▶ _Task_:
Within the records below is a range that opens at the line with "Queen Studio Suite" and closes at the line with "Used 2018 Chrysler". Return that range word for word, both ends included, and only that range.

▶ _Supplied records_:

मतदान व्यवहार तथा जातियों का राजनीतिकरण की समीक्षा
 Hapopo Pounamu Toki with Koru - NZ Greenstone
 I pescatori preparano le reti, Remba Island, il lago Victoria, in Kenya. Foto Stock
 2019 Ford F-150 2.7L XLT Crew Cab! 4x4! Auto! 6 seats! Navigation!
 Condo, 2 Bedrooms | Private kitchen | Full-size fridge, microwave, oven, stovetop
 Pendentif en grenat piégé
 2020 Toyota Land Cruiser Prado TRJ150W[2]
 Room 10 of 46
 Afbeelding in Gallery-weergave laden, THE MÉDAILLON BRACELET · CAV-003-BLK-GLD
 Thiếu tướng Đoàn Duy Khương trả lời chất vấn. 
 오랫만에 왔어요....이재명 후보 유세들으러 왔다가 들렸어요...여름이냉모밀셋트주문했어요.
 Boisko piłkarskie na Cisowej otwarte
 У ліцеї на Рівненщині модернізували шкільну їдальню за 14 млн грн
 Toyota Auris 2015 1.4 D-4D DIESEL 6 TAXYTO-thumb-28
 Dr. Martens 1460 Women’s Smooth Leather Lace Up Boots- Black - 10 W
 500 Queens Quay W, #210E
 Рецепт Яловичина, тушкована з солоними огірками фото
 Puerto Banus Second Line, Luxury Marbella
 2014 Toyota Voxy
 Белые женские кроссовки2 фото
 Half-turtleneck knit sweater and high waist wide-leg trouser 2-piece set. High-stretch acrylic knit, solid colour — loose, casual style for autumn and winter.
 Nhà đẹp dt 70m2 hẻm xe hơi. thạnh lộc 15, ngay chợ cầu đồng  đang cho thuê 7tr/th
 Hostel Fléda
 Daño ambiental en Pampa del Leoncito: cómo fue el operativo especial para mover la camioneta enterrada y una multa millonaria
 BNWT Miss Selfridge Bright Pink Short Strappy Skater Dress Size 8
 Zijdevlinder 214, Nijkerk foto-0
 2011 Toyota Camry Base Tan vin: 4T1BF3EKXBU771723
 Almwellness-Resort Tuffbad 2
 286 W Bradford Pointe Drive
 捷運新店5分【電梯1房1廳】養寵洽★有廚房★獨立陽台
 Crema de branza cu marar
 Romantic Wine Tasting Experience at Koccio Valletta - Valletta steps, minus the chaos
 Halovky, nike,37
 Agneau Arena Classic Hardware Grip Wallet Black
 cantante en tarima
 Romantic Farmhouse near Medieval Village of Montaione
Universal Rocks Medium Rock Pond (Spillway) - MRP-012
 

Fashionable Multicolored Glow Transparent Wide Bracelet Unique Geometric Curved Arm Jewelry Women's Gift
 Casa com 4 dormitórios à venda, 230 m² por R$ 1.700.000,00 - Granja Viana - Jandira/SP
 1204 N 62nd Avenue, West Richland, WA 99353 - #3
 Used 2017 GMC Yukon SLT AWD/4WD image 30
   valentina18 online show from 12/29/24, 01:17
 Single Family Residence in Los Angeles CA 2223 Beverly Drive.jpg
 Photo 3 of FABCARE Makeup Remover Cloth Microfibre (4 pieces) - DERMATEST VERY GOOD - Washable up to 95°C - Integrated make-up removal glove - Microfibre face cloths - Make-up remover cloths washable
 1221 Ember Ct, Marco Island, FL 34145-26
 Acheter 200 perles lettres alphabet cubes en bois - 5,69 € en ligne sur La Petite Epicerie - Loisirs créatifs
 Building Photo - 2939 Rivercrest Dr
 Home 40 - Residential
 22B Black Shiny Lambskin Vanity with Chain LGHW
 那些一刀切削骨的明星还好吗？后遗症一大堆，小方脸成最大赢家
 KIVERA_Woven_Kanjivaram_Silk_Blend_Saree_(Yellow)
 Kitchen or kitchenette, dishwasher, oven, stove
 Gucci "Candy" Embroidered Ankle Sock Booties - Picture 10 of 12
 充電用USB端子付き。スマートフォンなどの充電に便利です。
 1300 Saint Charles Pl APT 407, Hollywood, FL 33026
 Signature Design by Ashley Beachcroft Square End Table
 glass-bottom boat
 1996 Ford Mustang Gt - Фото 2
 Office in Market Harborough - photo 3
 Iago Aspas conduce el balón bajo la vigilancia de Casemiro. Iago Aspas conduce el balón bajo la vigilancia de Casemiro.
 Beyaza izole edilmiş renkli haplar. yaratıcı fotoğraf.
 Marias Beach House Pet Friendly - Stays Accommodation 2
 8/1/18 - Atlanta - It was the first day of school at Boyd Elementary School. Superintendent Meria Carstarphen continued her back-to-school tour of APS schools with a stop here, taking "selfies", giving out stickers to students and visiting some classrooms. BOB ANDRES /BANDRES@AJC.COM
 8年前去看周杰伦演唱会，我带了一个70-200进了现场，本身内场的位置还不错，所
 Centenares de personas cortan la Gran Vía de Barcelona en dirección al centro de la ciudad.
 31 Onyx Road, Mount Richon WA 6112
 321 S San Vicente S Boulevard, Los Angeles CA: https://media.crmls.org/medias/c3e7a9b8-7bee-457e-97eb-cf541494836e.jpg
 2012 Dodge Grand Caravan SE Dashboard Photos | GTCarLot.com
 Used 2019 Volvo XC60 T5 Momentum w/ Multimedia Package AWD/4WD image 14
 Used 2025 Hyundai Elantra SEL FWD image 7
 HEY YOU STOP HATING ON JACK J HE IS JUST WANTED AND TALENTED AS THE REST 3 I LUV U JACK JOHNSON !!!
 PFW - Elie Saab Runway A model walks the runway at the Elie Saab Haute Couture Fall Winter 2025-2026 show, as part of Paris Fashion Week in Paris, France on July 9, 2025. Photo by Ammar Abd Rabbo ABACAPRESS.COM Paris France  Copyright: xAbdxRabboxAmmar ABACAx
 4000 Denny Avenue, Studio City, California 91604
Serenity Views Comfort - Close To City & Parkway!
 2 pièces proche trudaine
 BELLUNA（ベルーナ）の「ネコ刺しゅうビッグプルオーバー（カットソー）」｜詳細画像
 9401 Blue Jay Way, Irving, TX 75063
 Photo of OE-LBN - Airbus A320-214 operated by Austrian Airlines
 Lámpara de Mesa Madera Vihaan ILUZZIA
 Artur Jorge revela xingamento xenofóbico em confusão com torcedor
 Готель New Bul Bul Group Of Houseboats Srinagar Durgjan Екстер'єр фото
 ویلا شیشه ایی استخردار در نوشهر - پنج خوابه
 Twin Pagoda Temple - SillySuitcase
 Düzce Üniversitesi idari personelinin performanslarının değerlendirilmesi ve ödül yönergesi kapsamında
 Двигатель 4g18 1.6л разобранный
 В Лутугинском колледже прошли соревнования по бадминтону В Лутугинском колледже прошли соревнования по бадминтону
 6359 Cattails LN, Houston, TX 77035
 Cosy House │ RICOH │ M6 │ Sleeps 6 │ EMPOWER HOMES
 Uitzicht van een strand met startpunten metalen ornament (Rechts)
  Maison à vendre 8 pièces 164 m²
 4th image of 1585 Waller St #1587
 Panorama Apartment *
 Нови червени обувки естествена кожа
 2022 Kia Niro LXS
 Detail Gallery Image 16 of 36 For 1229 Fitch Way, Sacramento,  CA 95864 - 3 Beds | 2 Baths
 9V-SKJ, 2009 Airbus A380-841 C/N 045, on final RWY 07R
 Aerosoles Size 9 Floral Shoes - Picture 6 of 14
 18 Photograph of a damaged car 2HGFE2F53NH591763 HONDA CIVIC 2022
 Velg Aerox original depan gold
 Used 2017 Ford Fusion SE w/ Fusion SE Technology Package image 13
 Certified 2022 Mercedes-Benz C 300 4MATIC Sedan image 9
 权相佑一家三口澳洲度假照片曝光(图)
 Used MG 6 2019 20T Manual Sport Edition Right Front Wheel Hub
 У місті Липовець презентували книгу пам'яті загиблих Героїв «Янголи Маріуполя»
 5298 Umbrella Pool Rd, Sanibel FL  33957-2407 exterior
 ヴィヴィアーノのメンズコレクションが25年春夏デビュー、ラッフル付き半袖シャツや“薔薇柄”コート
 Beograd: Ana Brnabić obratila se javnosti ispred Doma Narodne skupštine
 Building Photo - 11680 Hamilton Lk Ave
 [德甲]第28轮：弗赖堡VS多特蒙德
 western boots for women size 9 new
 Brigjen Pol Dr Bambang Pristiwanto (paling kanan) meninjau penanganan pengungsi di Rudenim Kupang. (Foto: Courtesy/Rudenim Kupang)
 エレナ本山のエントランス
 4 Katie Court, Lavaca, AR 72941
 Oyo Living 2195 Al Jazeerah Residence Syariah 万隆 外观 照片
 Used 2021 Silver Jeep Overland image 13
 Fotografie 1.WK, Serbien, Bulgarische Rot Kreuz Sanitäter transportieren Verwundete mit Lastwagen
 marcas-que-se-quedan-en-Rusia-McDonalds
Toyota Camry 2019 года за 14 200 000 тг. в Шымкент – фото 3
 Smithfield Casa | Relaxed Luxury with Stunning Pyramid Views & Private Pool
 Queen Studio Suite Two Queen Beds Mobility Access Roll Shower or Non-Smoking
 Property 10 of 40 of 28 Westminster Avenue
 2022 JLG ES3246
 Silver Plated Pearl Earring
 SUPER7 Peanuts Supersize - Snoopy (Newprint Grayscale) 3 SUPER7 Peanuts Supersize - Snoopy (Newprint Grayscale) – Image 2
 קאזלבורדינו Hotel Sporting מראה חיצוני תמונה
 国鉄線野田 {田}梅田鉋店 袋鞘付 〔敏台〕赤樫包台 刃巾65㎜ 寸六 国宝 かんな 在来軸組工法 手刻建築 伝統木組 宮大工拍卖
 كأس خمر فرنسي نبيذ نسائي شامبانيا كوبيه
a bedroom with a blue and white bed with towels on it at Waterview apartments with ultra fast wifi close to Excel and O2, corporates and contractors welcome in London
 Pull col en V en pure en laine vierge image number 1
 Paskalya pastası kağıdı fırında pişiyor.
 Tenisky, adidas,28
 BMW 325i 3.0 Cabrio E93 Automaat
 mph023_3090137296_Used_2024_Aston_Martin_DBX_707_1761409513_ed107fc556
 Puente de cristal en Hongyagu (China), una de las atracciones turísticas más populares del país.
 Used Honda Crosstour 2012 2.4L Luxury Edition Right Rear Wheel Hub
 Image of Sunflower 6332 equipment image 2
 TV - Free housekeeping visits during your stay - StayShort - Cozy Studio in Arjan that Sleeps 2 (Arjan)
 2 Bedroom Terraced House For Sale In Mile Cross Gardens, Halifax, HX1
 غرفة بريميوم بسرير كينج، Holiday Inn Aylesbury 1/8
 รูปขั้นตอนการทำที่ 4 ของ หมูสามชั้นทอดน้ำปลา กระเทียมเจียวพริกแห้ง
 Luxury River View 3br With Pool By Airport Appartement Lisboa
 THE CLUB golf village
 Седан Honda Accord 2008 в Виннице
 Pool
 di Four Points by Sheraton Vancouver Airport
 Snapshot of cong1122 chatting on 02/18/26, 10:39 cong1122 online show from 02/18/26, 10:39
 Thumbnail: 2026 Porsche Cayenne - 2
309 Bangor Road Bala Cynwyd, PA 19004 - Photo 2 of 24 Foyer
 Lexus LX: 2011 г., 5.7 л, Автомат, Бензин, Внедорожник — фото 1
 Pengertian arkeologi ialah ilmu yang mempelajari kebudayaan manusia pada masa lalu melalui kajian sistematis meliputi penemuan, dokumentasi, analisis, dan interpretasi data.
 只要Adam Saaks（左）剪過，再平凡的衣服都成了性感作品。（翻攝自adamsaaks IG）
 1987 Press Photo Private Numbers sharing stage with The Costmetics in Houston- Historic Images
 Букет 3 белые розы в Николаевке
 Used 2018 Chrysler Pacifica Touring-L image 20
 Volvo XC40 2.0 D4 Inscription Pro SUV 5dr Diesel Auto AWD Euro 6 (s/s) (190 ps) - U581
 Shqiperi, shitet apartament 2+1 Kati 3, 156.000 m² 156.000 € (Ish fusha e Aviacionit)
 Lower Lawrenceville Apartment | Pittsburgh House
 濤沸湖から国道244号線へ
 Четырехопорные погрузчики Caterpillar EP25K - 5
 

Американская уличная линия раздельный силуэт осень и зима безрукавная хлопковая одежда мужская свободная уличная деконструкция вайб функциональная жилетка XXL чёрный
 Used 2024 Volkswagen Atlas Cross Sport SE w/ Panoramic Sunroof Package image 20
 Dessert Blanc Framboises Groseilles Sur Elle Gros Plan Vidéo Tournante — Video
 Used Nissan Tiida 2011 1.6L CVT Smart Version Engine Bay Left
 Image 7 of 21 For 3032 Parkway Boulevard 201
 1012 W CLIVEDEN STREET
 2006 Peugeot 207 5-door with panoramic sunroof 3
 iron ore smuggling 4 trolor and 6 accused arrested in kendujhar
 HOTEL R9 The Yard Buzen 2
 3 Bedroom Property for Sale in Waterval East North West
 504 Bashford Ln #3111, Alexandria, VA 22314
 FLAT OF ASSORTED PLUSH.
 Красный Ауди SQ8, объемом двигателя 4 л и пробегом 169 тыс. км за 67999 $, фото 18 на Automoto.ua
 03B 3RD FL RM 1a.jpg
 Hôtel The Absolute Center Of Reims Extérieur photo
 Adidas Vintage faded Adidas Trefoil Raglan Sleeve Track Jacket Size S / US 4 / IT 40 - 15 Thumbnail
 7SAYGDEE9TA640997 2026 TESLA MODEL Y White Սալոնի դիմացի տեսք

▶ _The answer_:
 Queen Studio Suite Two Queen Beds Mobility Access Roll Shower or Non-Smoking
 Property 10 of 40 of 28 Westminster Avenue
 2022 JLG ES3246
 Silver Plated Pearl Earring
 SUPER7 Peanuts Supersize - Snoopy (Newprint Grayscale) 3 SUPER7 Peanuts Supersize - Snoopy (Newprint Grayscale) – Image 2
 קאזלבורדינו Hotel Sporting מראה חיצוני תמונה
 国鉄線野田 {田}梅田鉋店 袋鞘付 〔敏台〕赤樫包台 刃巾65㎜ 寸六 国宝 かんな 在来軸組工法 手刻建築 伝統木組 宮大工拍卖
 كأس خمر فرنسي نبيذ نسائي شامبانيا كوبيه
a bedroom with a blue and white bed with towels on it at Waterview apartments with ultra fast wifi close to Excel and O2, corporates and contractors welcome in London
 Pull col en V en pure en laine vierge image number 1
 Paskalya pastası kağıdı fırında pişiyor.
 Tenisky, adidas,28
 BMW 325i 3.0 Cabrio E93 Automaat
 mph023_3090137296_Used_2024_Aston_Martin_DBX_707_1761409513_ed107fc556
 Puente de cristal en Hongyagu (China), una de las atracciones turísticas más populares del país.
 Used Honda Crosstour 2012 2.4L Luxury Edition Right Rear Wheel Hub
 Image of Sunflower 6332 equipment image 2
 TV - Free housekeeping visits during your stay - StayShort - Cozy Studio in Arjan that Sleeps 2 (Arjan)
 2 Bedroom Terraced House For Sale In Mile Cross Gardens, Halifax, HX1
 غرفة بريميوم بسرير كينج، Holiday Inn Aylesbury 1/8
 รูปขั้นตอนการทำที่ 4 ของ หมูสามชั้นทอดน้ำปลา กระเทียมเจียวพริกแห้ง
 Luxury River View 3br With Pool By Airport Appartement Lisboa
 THE CLUB golf village
 Седан Honda Accord 2008 в Виннице
 Pool
 di Four Points by Sheraton Vancouver Airport
 Snapshot of cong1122 chatting on 02/18/26, 10:39 cong1122 online show from 02/18/26, 10:39
 Thumbnail: 2026 Porsche Cayenne - 2
309 Bangor Road Bala Cynwyd, PA 19004 - Photo 2 of 24 Foyer
 Lexus LX: 2011 г., 5.7 л, Автомат, Бензин, Внедорожник — фото 1
 Pengertian arkeologi ialah ilmu yang mempelajari kebudayaan manusia pada masa lalu melalui kajian sistematis meliputi penemuan, dokumentasi, analisis, dan interpretasi data.
 只要Adam Saaks（左）剪過，再平凡的衣服都成了性感作品。（翻攝自adamsaaks IG）
 1987 Press Photo Private Numbers sharing stage with The Costmetics in Houston- Historic Images
 Букет 3 белые розы в Николаевке
 Used 2018 Chrysler Pacifica Touring-L image 20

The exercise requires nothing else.